# Boat dock foam..



## deadlypeanutboy (Oct 9, 2007)

You may want to be careful. Dock foam is reinforced with fiberglass and can make pretty nasty dust when cut. It may not carve the way you want. Just wear a dust mask when you mess with it so you don't end up irritating your lungs. Good luck and let us know what you do with all that foam.


----------



## Thegardenofshadows (Jun 3, 2010)

Hmm. Thanks for the heads up. I'll post pics when we start work.


----------



## hallorenescene (Dec 28, 2007)

that looks really cool. good luck. but take care, sounds like a good heads up from deadly


----------



## Brimstonewitch (Aug 23, 2009)

Totally jealous! Foam board just isn't available in my area.

Good thinking with that warning Deadlypeanutboy.


----------



## Junit (Sep 1, 2008)

Cool idea! Thats the first thing I thought of when I saw the big foam slabs... I bet you could carve the inside out of two of them and make a faux coffin... Good heads up deadly!


----------



## Frankie's Girl (Aug 27, 2007)

I found a 10 foot x 4 foot piece at the side of the road last year. Ended up using chunks of it to make a stone well for my Donna of the Dead to do a Ring tribute (I think there's a pic in my 2009 album?) Still have a pretty decent section of it but not enough to do a coffin unfortunately! 

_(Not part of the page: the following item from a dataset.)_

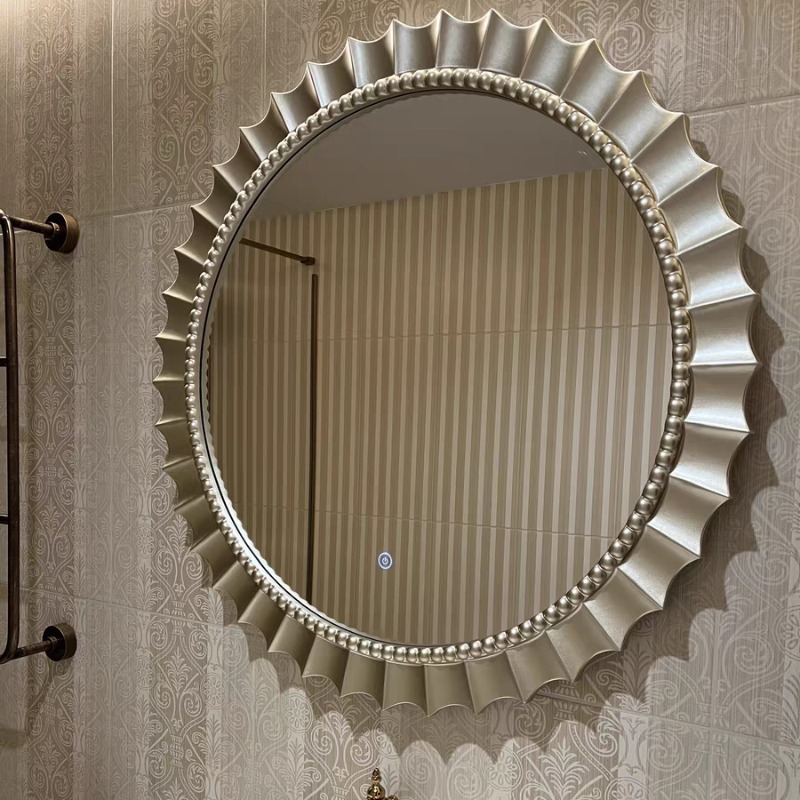 Home Living Bathroom Vanity - Nordischer Badezimmerspiegel Wohnzimmer Moderner Schminkspiegel Mädchen-Dekoration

I love the idea of making a coffin out of them, but just from experience, you'll need something like a chainsaw and dustmask and a space where you don't mind LOTS of particle dust. We used a handsaw and it was messy and took a while!


----------



## madmax (Dec 28, 2003)

I used dock foam before and didn't notice any fiberglass so I guess there's different types.

Another source, if you can luck up on it, is a movie theater. They use huge blocks (3 to 4 foot thick) of foam in large sheets to sound proof the building. I lucked up a few years ago and got five loads (the picture below is just one load) of throw away foam.

Always ask the construction foreman before taking anything. He gave me everything I wanted that was in the dumpster. The dumpster was at least 20 feet long and it held a lot of foam . So if you see any construction going on at a theater drive by it and look at whats being used.


----------



## deadlypeanutboy (Oct 9, 2007)

Holy crap, madmax! That picture is one of the most beautiful things I've ever seen! So much foam!!! I would be beside myself if I could luck out like that. Great find and a great tip!


----------



## Thom_Serveaux (May 8, 2008)

madmax said:


> I used dock foam before and didn't notice any fiberglass so I guess there's different types.
> 
> Another source, if you can luck up on it, is a movie theater. They use huge blocks (3 to 4 foot thick) of foam in large sheets to sound proof the building. I lucked up a few years ago and got five loads (the picture below is just one load) of throw away foam.
> 
> Always ask the construction foreman before taking anything. He gave me everything I wanted that was in the dumpster. The dumpster was at least 20 feet long and it held a lot of foam . So if you see any construction going on at a theater drive by it and look at whats being used.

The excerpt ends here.